- **What you should do**: All of the data must be returned word for word.

Dataset records Block Start

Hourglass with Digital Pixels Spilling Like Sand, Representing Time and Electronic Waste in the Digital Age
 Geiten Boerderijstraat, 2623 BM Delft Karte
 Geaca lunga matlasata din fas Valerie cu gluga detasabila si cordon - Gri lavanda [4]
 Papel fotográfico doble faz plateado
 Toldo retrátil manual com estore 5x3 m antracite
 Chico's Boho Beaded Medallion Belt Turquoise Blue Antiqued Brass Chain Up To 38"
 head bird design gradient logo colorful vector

Dataset records Block End

- **Output**:
Hourglass with Digital Pixels Spilling Like Sand, Representing Time and Electronic Waste in the Digital Age
 Geiten Boerderijstraat, 2623 BM Delft Karte
 Geaca lunga matlasata din fas Valerie cu gluga detasabila si cordon - Gri lavanda [4]
 Papel fotográfico doble faz plateado
 Toldo retrátil manual com estore 5x3 m antracite
 Chico's Boho Beaded Medallion Belt Turquoise Blue Antiqued Brass Chain Up To 38"
 head bird design gradient logo colorful vector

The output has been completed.